И все же унывать было некогда — ждали первенца. Сын появился на свет 12 декабря 1777 года, и бабушка нарекла его Александром. Но радость родителей сменилась горем, когда Екатерина, по примеру Елизаветы, забрала грудного младенца от родителей в свои покои, решив самолично заняться его воспитанием. Отцу и матери только в указанные часы разрешалось видеться с сыном. Павел Петрович воспылал гневом, Мария Федоровна затаила обиду на свекровь. Из-за этого бунта императрица сменила милостивое отношение к сыну и невестке на открытое презрение.
Одно из немногочисленных дел, каким могла утешиться великокняжеская чета, было обустройство подаренных им Екатериной в честь рождения первенца земель под Петербургом.
Павловское (позже — Павловск), получившее в начале царствования Павла I статус города, в 1777 году состояло из двух охотничьих домиков Крик и Крак, невдалеке от реки Славянки, и девственных лесов и болот. Первым делом, стали прокладывать шоссе к Царскому Селу, где в летние месяцы проживала императрица, и строить дворец Пауллюст (Павлова утеха). Вернее, не дворец, а усадьбу помещика средней руки — двухэтажный деревянный дом из полутора десятков комнат: передняя, уборная, спальня, кабинет, Турецкая комната, Галерея, Китайская комната, кабинет Павла Петровича, камердинерская, фрейлинская, столовая, круглое зало и еще четыре комнаты. Уже в 1778 году на высоком берегу Славянки вырос второй дом — более просторный и величественный.
Всю свою энергию Павел Петрович и Мария Федоровна вкладывали в обустройство окрестностей. В благодарность императрице за подаренные земли они выстроили на небольшой лужайке, окруженной деревьями, Храм Дружбы — мраморную ротонду, окруженною колоннадой, где находился «портрет стоячий ее величества государыни Екатерины Алексеевны, белый, мраморный, в шишаке и в руке с вызолоченным копием, в виде Минервы, под которым пьедестал из пудожского камня».
Храм Дружбы предполагалось использовать для завтраков и ужинов, поэтому на противоположном берегу Славянки выстроили домик из бревен и кирпича, служивший кухней. Вокруг были посажены дубы, клены, березы, ели и плакучие ивы. На привезенном сюда из Петергофа сибирском кедре прикрепили табличку, что это дерево под номером один великого князя Павла Петровича. Однажды кедр раскололо надвое молнией. Но он, в отличие от своего хозяина, выжил, о чем местные жители не забывали в течение всего XIX века.
Было начато множество других построек. Денег же не хватало, и многие заветные мечты великокняжеской чете не удалось воплотить в жизнь.

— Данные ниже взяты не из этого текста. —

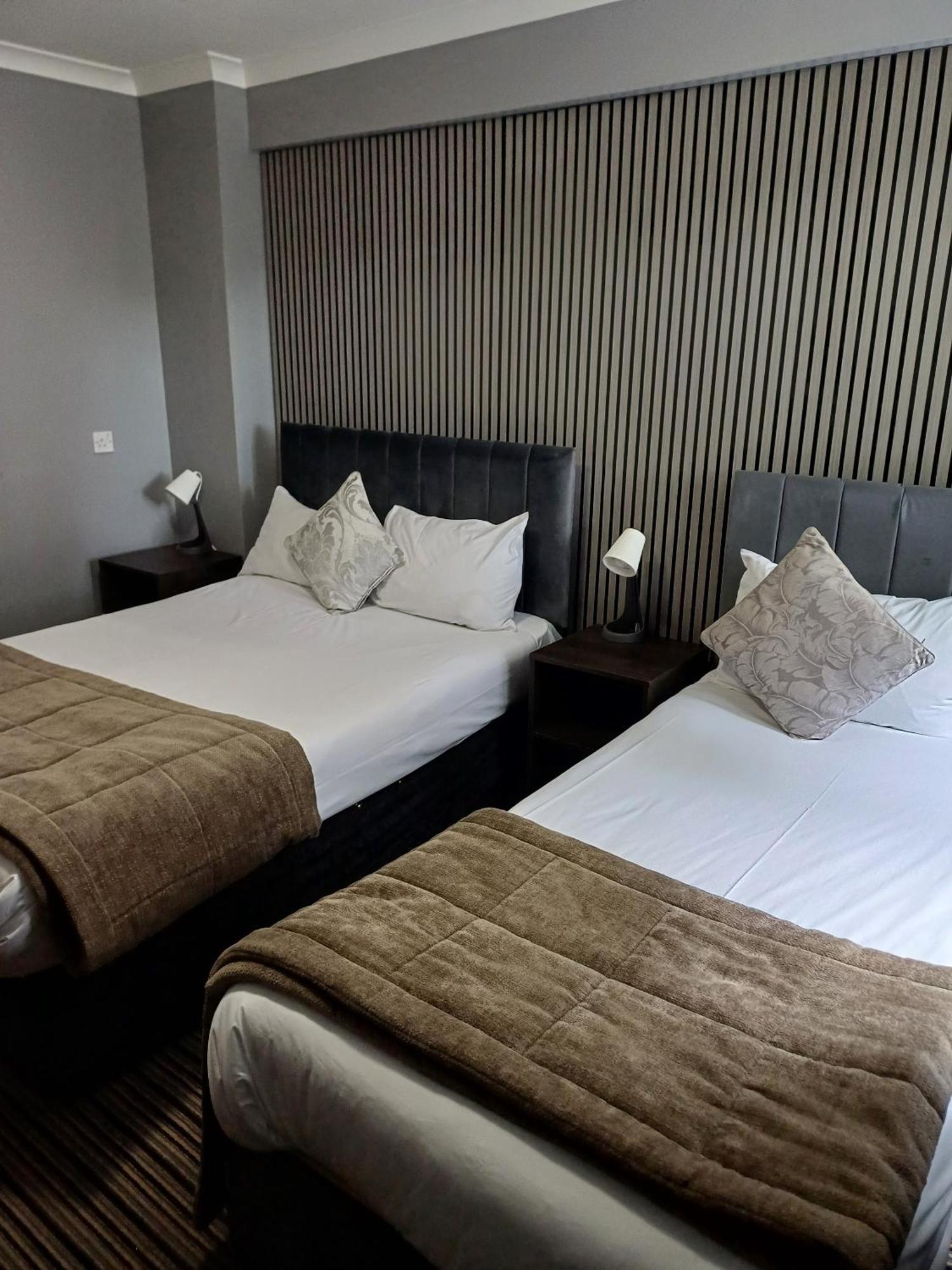 Kings Park Hotel Glasgow Oda fotoğraf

«Мы, нижеподписавшиеся, — обращались к императрице сын и невестка, — прибегаем к милости нашей любезной и доброй матушки с мольбой — снисходительно принять наше откровенное признание в большой денежной нужде, в которой мы находимся, приключенной, впрочем, содержанием наших загородных жилищ и необходимостью оканчивать начатые работы. Мы делаем признание в нужде, в какой находимся, Той, которой известны все наши чувства и, в особенности, наше уважение и доверие. Вполне уповая на Ваши милости, мы с покорностью примем и отказ, довольные тем, что в отношении Вас поступили с доверием. Останемся с почтением и покорностью».

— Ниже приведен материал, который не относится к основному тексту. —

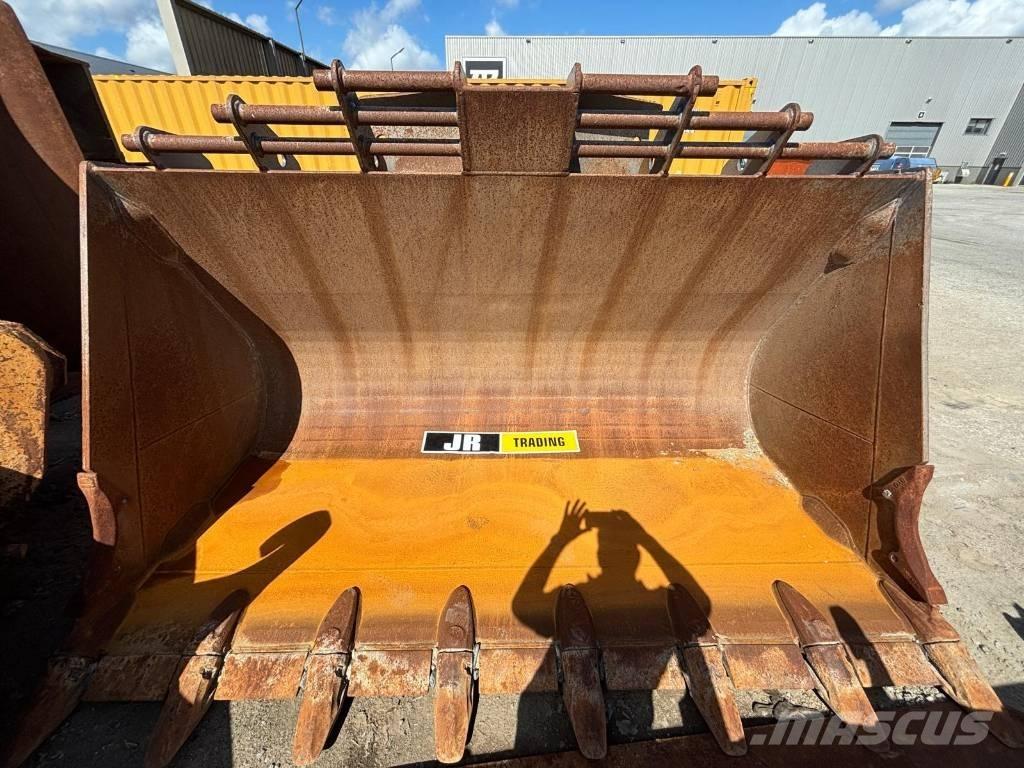 Volvo L 150 H Buckets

Саркастический ответ императрицы не заставил себя ждать: «Любезные дети. Вы, конечно, можете судить о том, приятно ли мне видеть вас в нужде. Должно полагать, что вас постоянно обкрадывают, вследствие чего вы терпите нужду, хотя у вас и нет недостатка ни в чем. Прощайте, обнимаю вас».
И все же нельзя держать наследника престола в черном теле, понимала императрица. Да и по своему характеру она не была ни жадной, ни мстительной — просто жила своей жизнью, в которой не нашлось места сыну.

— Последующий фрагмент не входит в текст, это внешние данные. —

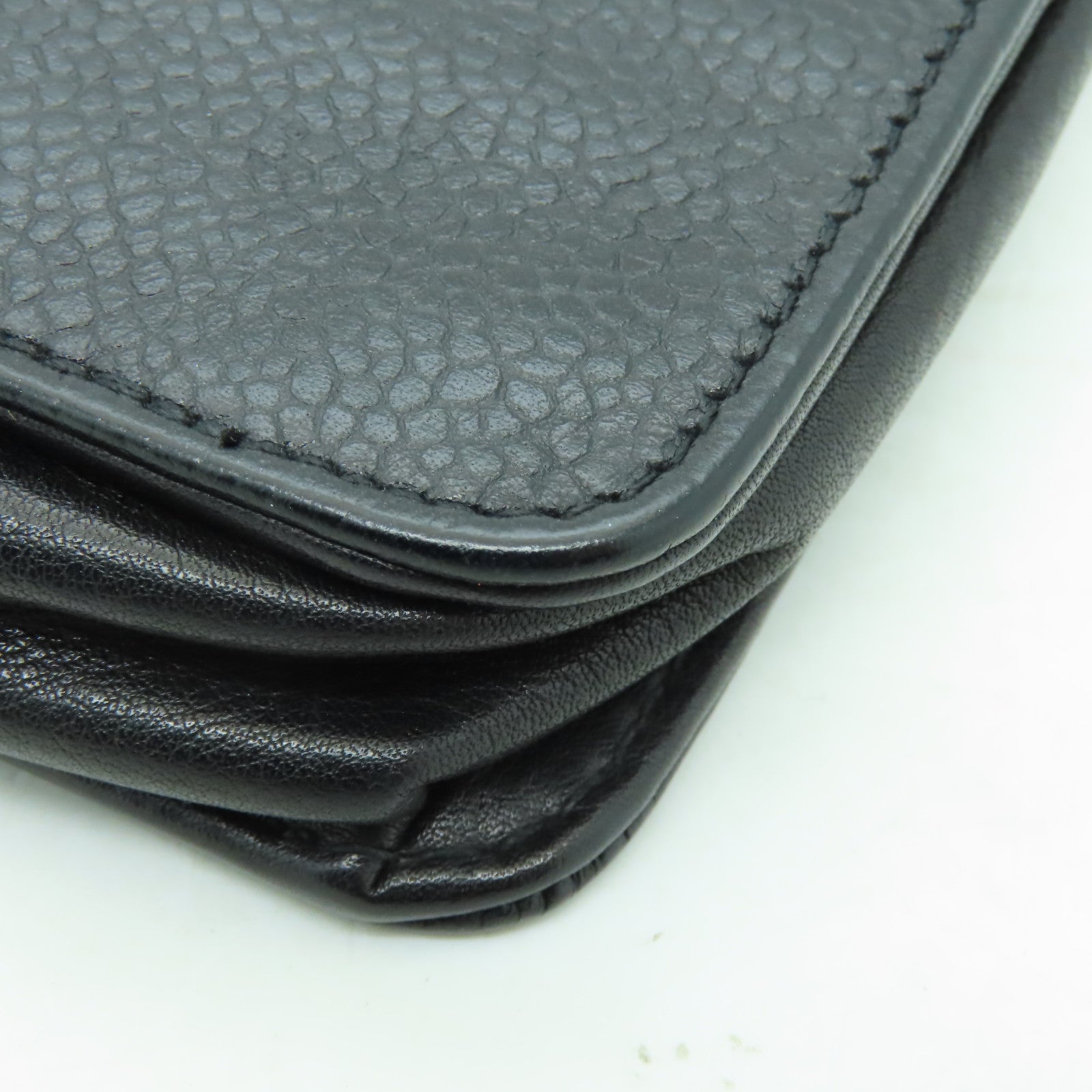 CHANEL 【激減優惠】Caviar皮革WOC Shoulder Bag金扣鏈帶肩背袋黒色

В Павловском появились просеки и аллеи, пирамидальные тополя, кипарисы, редкие цветы, которые Мария Федоровна выписывала из Европы. Возле дороги, ведущей в Царское Село, для тропических растений выстроили Каменную оранжерею. В память о детстве Марии Федоровны, проведенном в резиденциях герцогов Вюртембургских, было возведено несколько построек. Напротив Пауллюста выросла Хижина отшельника, напоминавшая, как в Этюпе дядя будущей русской великой княгини, переодевшись отшельником, предсказывал ей судьбу. Еще появилась Хижина угольщика, внешне похожая на шалаш, обросший мхом. Зато внутри она сверкала бронзой, золотом и фарфором, как и подобный домик в парке Гогенгейма. То же можно сказать о Старом Шале — одноэтажной круглой избушке под соломенной крышей, отделанной внутри с необыкновенным изыском, украшенной зеркалами, искусной живописью, наборным паркетом, мраморными с золотом табуретами и другими причудами.